» **Your instructions**: Print a faithful copy of the data below, word for word, with the pictures left out.

» **Recorded information**:
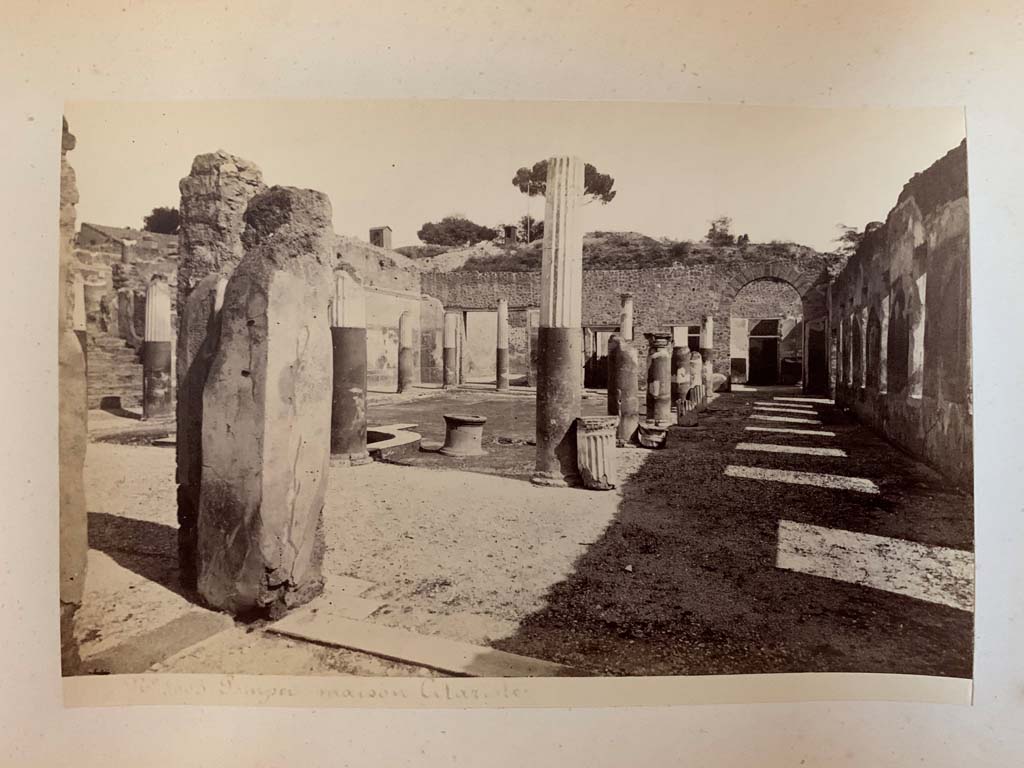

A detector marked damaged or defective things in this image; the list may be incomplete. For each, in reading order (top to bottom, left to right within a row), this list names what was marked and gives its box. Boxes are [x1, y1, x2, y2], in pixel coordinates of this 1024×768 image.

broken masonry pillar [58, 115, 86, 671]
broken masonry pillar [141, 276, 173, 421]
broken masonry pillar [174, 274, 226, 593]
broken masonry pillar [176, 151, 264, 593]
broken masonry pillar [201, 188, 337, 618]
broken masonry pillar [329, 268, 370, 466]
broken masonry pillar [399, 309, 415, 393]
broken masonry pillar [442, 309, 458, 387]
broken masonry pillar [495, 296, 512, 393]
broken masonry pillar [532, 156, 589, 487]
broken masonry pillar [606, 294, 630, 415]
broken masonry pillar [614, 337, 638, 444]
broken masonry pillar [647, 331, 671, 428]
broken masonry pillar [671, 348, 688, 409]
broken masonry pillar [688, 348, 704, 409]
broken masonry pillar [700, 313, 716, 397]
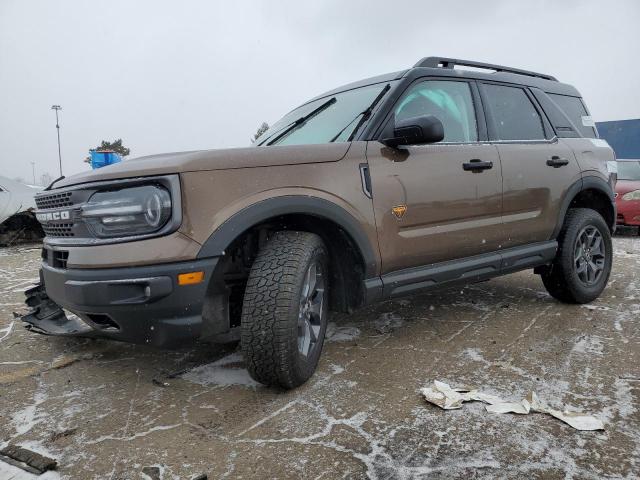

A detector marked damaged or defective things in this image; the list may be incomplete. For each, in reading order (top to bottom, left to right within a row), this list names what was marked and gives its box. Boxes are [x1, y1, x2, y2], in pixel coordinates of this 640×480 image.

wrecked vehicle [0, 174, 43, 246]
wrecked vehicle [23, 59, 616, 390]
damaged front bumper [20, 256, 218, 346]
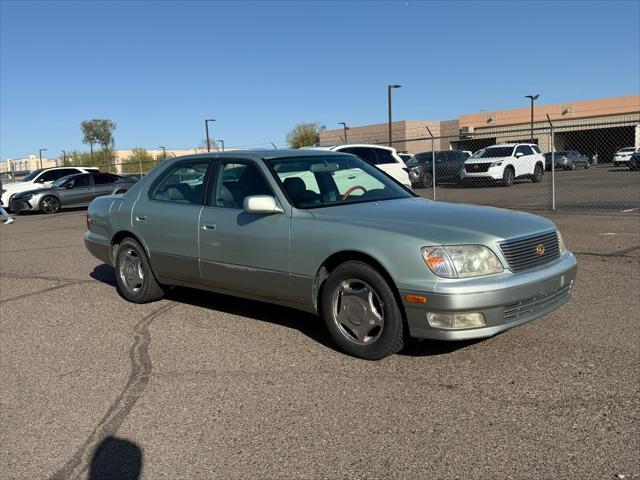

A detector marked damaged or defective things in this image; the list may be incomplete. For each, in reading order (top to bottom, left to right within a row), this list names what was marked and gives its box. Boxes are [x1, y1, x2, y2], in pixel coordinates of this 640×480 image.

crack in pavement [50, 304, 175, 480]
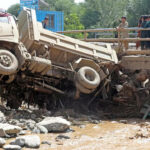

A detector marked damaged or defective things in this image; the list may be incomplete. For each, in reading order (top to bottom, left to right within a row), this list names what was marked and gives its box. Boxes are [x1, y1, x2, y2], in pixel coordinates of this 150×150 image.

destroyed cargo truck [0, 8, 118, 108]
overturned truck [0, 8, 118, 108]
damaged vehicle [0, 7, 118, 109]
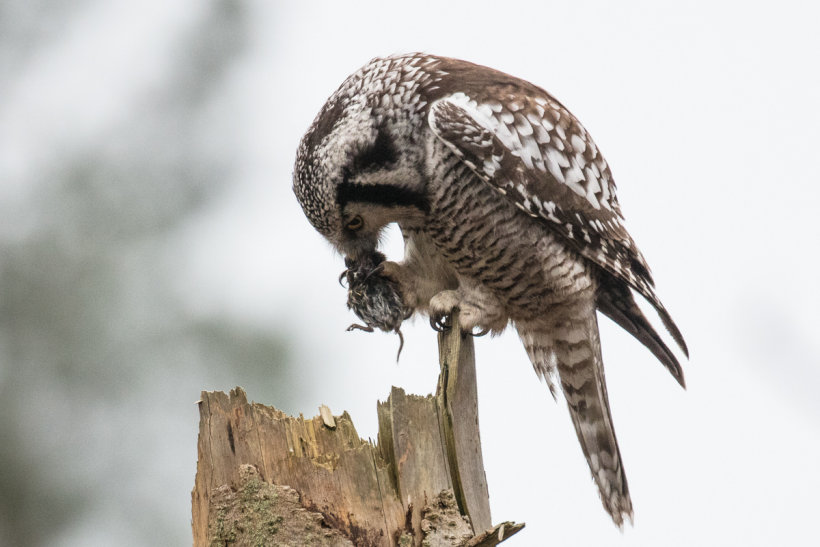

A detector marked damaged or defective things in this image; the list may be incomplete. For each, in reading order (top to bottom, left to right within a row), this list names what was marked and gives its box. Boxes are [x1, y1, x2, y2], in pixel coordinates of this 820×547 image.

» **Problem solution**:
A detector marked damaged or defective things in this image; the list may be incomplete. For each, in reading order (top to bottom, left to right within a row), this list names what was marked and gives its box. Boxes are [x1, y1, x2, y2], in pixel coordinates of this 1024×768 image.

broken masonry pillar [58, 115, 86, 671]
broken masonry pillar [141, 276, 173, 421]
broken masonry pillar [174, 274, 226, 593]
broken masonry pillar [176, 151, 264, 593]
broken masonry pillar [201, 188, 337, 618]
broken masonry pillar [329, 268, 370, 466]
broken masonry pillar [399, 309, 415, 393]
broken masonry pillar [442, 309, 458, 387]
broken masonry pillar [495, 296, 512, 393]
broken masonry pillar [532, 156, 589, 487]
broken masonry pillar [606, 294, 630, 415]
broken masonry pillar [614, 337, 638, 444]
broken masonry pillar [647, 331, 671, 428]
broken masonry pillar [671, 348, 688, 409]
broken masonry pillar [688, 348, 704, 409]
broken masonry pillar [700, 313, 716, 397]

A detector marked damaged or defective things in this image; the list may be incomplete. For each, in reading order (top to bottom, left to right within a row), this list names what was marked and gives its box. Boxes are [x1, y1, x2, y2], in pixel coordinates of this 640×480 image.

wrecked vehicle [0, 174, 43, 246]
wrecked vehicle [23, 59, 616, 390]
damaged front bumper [20, 256, 218, 346]

A detector marked damaged or defective things in this image; the list may be incomplete. For each, in reading order (top to bottom, left to right within a row), this list names what was marked and gives its box. Boxes are [x1, y1, x2, y2], in pixel coordinates of this 640×480 image.

crack in pavement [50, 304, 175, 480]

A detector marked damaged or defective things in this image; the list may be incomplete. For each, in reading order (top to bottom, left to right within a row), this list names what was marked and gives its box. Boxes are [x1, y1, x2, y2], in pixel coordinates of this 150×150 image.

destroyed cargo truck [0, 8, 118, 108]
overturned truck [0, 8, 118, 108]
damaged vehicle [0, 7, 118, 109]

A detector marked damaged or defective things in this image; the list may be incomplete. For each, in reading order (top to bottom, left to right within a row), this list names what was marked and gives its box. Boxes are [x1, y1, x2, y2], in pixel coordinates of this 820×547 image.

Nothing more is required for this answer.